Data to process Start Marker

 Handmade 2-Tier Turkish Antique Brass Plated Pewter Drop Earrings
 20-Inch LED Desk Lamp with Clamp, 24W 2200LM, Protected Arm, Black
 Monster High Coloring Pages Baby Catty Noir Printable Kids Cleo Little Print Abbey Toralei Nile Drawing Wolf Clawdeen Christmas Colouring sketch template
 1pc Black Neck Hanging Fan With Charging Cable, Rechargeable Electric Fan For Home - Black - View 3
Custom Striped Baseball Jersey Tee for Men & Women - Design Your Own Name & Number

Data to process End Marker
Data to process Start Marker

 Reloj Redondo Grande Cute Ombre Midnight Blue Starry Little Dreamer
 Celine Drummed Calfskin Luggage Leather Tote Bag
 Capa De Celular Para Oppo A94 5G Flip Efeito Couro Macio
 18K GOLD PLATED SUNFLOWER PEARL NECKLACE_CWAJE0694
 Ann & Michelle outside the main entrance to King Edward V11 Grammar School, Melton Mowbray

Data to process End Marker

Task goal :: Every line holding the word "Little" should be copied out of the records above.

Reply to the exercise ::
 Monster High Coloring Pages Baby Catty Noir Printable Kids Cleo Little Print Abbey Toralei Nile Drawing Wolf Clawdeen Christmas Colouring sketch template
 Reloj Redondo Grande Cute Ombre Midnight Blue Starry Little Dreamer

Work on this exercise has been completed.